Selenium is also found in celery, onions, radishes, broccoli, cucumbers, garlic, eggs, mushroom, seafood, liver, meat, kidneys, and whole grains.  Most natural selenium is destroyed by cooking and modern processing.

 

KELP

This is the name given to many different varieties of large seaweeds.  It is a valuable source of a number of minerals, but most particularly IODINE.  It contains 15% sodium, 13% potassium, 3% calcium, with trace amounts of IODINE, manganese, magnesium, cooper, phosphorus, zinc, cobalt, chromium and molybdenum.

 

How Much Kelp ?

A kelp tablet daily for your average 20Kg dog will ensure it gets adequate iodine for the functioning of the thyroid gland.  This is essential for growing puppies, reproducing animals and for all other dogs.  A healthy, well nourished (with iodine) thyroid ensures your dog’s metabolism ticks over at the right speed.

Other good sources of iodine are seafoods and dairy foods.  The dairy foods are usually good sources because of the iodine based disinfectants used in their production.  Vegetables will be rich in iodine to the extent that the soil they are grown in contains iodine.  In Australia, iodine can be lacking in many soils.

  • Over-zealous administration of iodine can be toxic to your dog.  It causes the thyroid to shut down production of thyroid hormone and your dog’s whole metabolism slows down.
  • I suspect bones are also a good source of iodine because I have raised many dogs on raw meaty bones with very little of anything else, and there have been no problems with those dogs so far as their thyroid function was concerned.

 

GARLIC

This is probably one of the most useful herbs you can feed to your dog.  You can feed a clove or two or more daily depending on the size of your dog and how close you and the dog are..  in terms of the way your dog will smell.  I guess it will be OK if you are eating plenty as well.

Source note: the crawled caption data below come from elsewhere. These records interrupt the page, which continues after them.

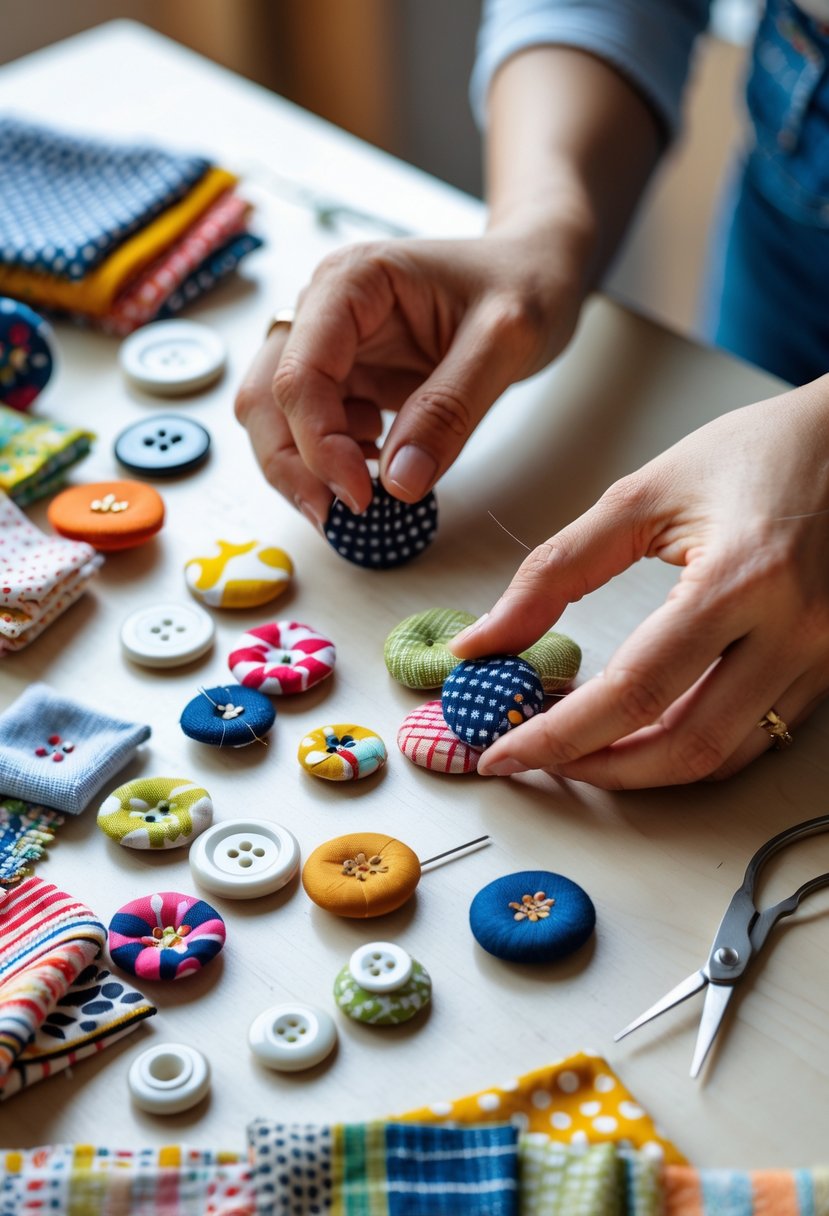 Hands making fabric-covered buttons from colorful scrap textiles on a wooden table with crafting tools.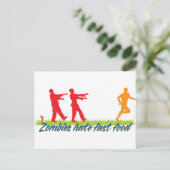 Zombies hassen Fast Food Postkarte (Stehend Vorderseite)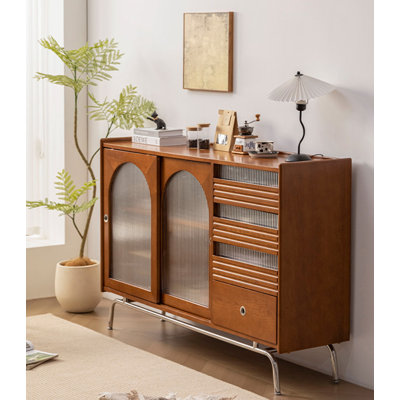 Mid-Century Modern Solid Wood & Metal Sideboard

There is no doubt that farlic eating does confer some health advantages.  If your dog eats sufficient garlic often enough it will help stabilise blood pressure and give a good solid boost to the immune system, keeping at bay infections of various sorts particularly upper respiratory tract infections.  Much of it’s success is due to various compounds of sulphur.

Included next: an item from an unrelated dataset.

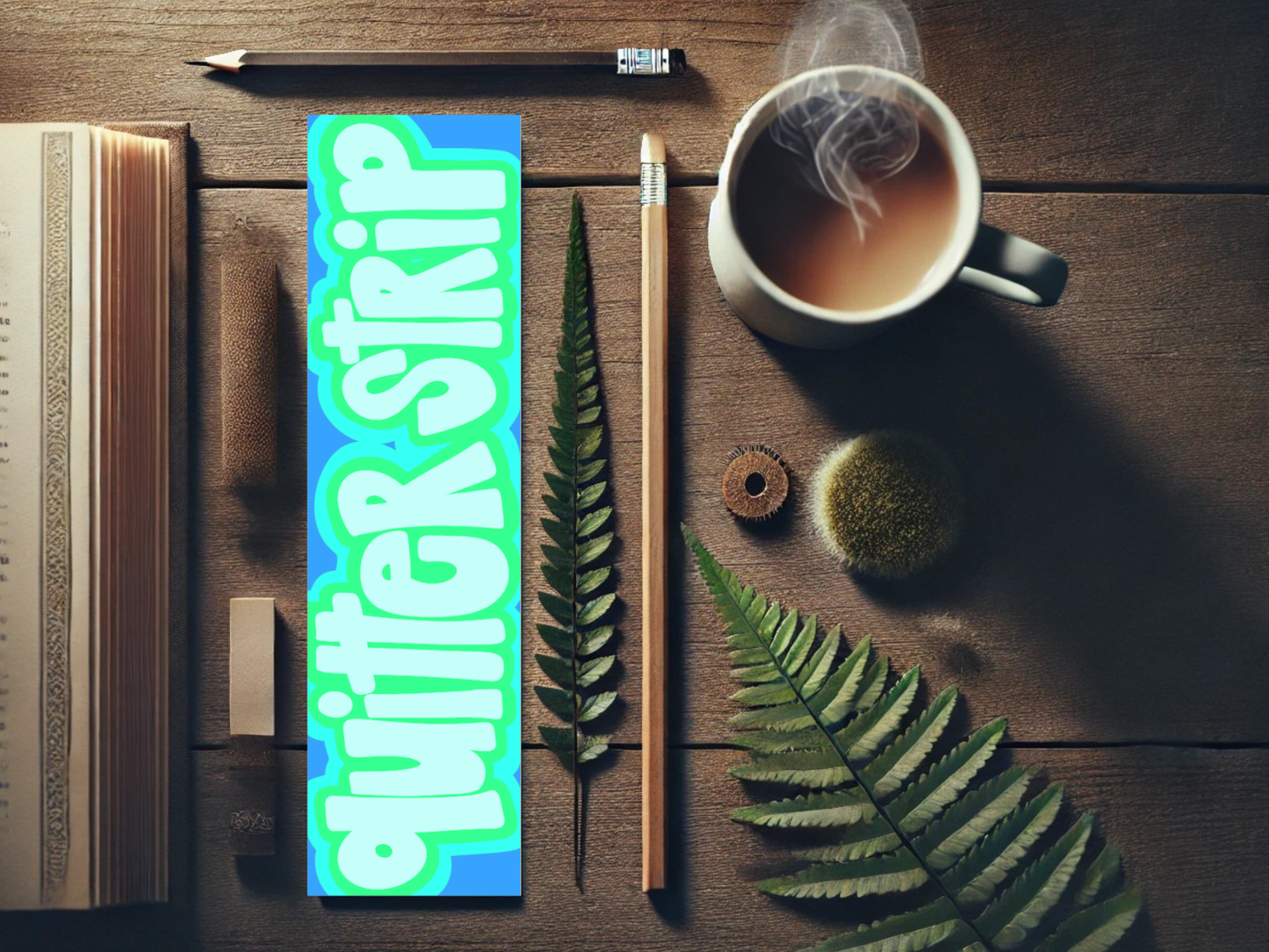 Quitter Strip Bookmark – Retro Teal Design | Hand-Drawn Bookish Gift | Funny Reading Accessory | Laminated Bookmark | Book Lover Humor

Garlic has often been used to good effect with dogs that have problems with fleas.  Fleas tend to inhabit the bodies of un-healthy dogs.  I do not know whether it was because the garlic make the dog healthier and therefore less attractive to fleas, or whether it just acted as a flea repellant.  In any case, many clients have reported a great drop in flea problems once they started to feed garlic to their dogs.

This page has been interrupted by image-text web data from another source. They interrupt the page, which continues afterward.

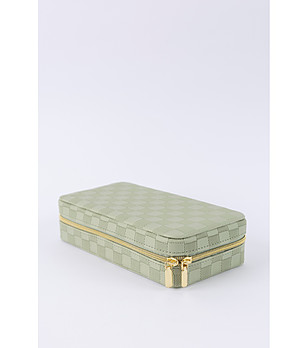 Светлозелена правоъгълна кутия за бижута с огледало снимка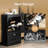 Narrow Entryway Shoe Storage Cabinet Shoe Rack with 2 Flip Drawers for Living Room, Hallway, Black-714169051-681661586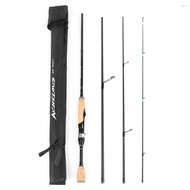 [Ready Stock]Portable Travel Spinning Fishing Rod 6.8FT Lightweight Carbon Fiber 4 Pieces Fishing Pole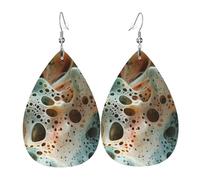 Leather Earrings With Densely packed coral piles Printed Teardrop Shaped Pendants A Stylish Accessory For Everyday Wear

Perhaps the most acceptable way to feed garlic to your dog is as the fermented and aged ‘’Kyolic’’ garlic.  This has the advantage of being unlikely to cause stomach upsets when fed in large amounts compared to raw garlic fed straight from the garden.

  • Be wary of other forms of processed garlic.  They may no longer have the active ingredients present.

 

OTHER HERBS

There are many other herbs which you could feed to your dog with great advantage.  It would appear that a major function of many herbs is to supply much needed anti-oxidants to the person or animal consuming them.  They certainly can be very useful in treating disease processes.  However, that information would fill another book, so rather that do such an important topic an injustice, I shall not discuss them further.